== DATA PROVIDED

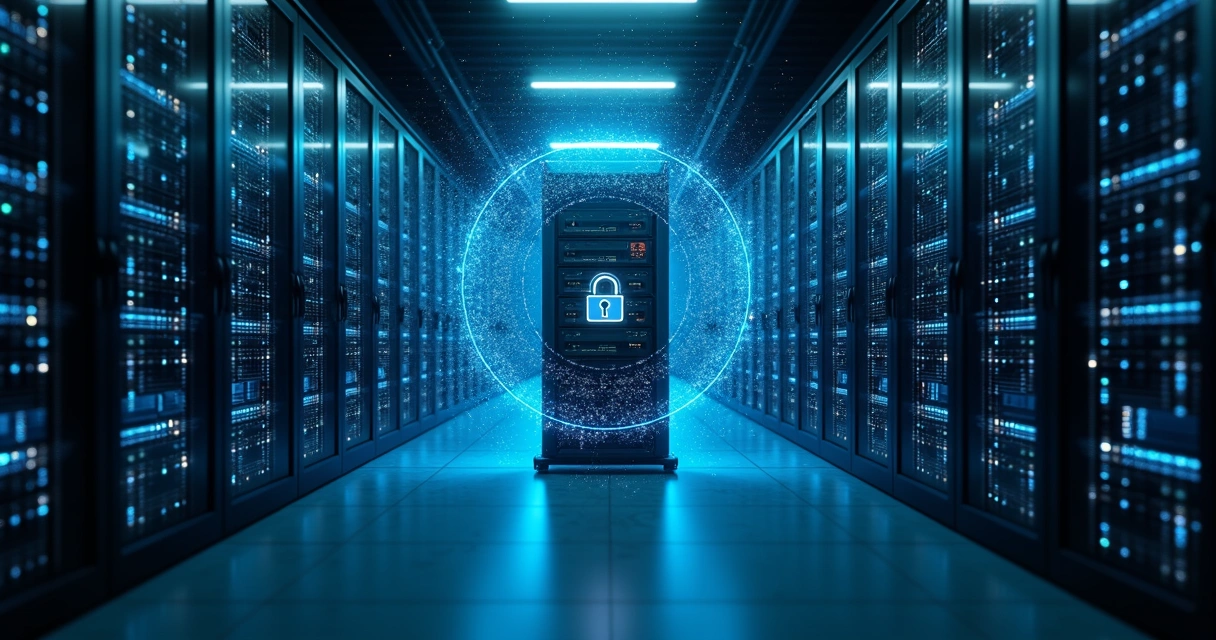 Servidor corporativo envolvido por casulo digital brilhante em ambiente escuro 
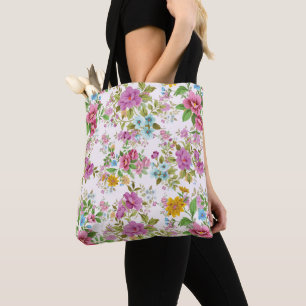 Tote Bag Fleurs vintages colorées motif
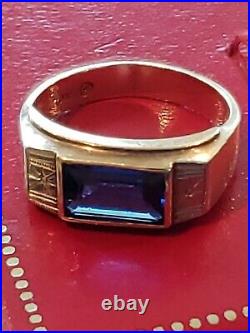 Mens 10k Solid Yellow Gold Blue Spinel Vintage Ring Size 9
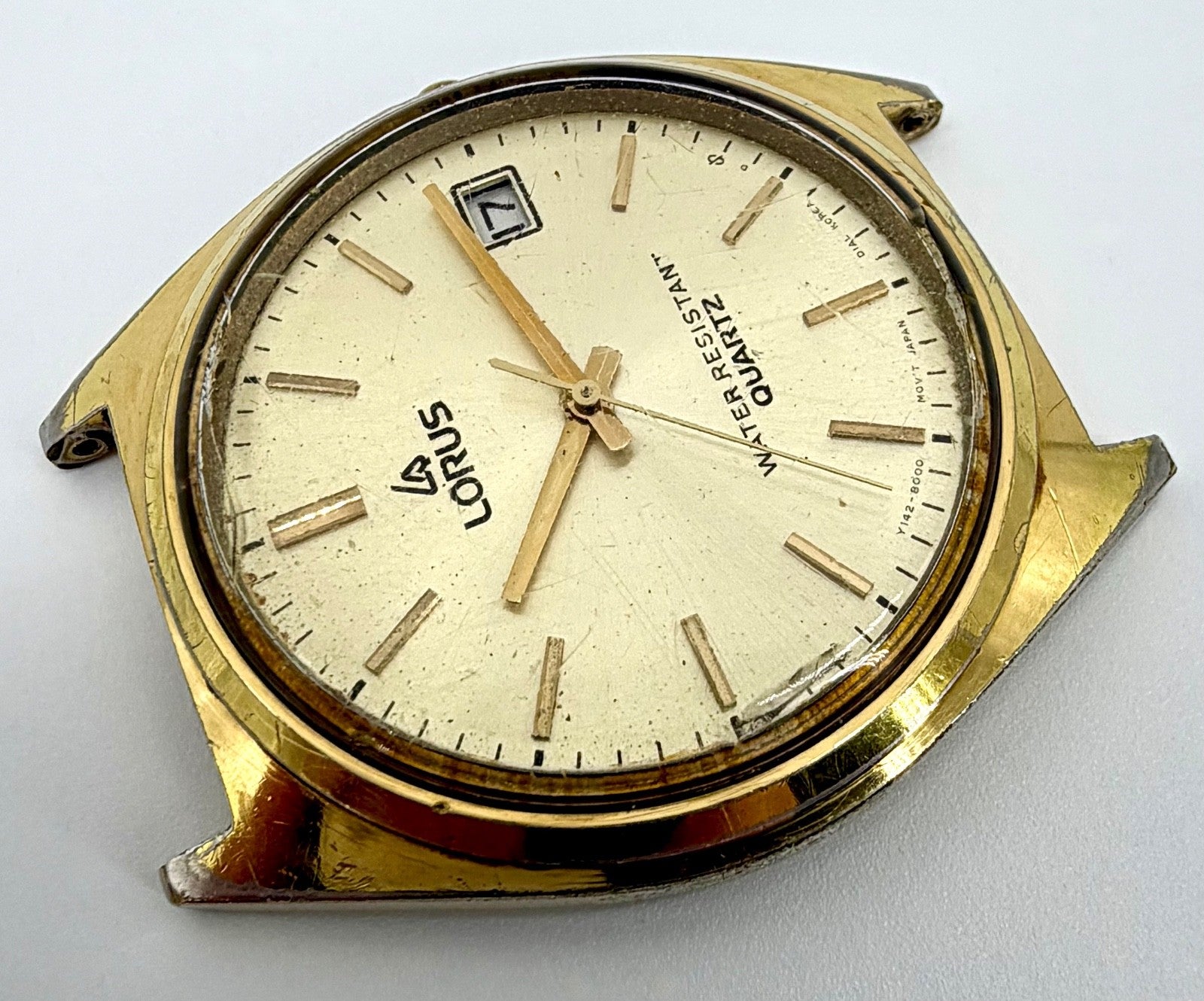 Vintage Lorus Quartz Watch – Gold Tone Case – Date – Working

====

INSTRUCTIONS FOR THE TASK:
Copy all of the data above exactly. Leave out every picture.

EXERCISE ANSWER:
 Servidor corporativo envolvido por casulo digital brilhante em ambiente escuro 
 Tote Bag Fleurs vintages colorées motif
 Mens 10k Solid Yellow Gold Blue Spinel Vintage Ring Size 9
 Vintage Lorus Quartz Watch – Gold Tone Case – Date – Working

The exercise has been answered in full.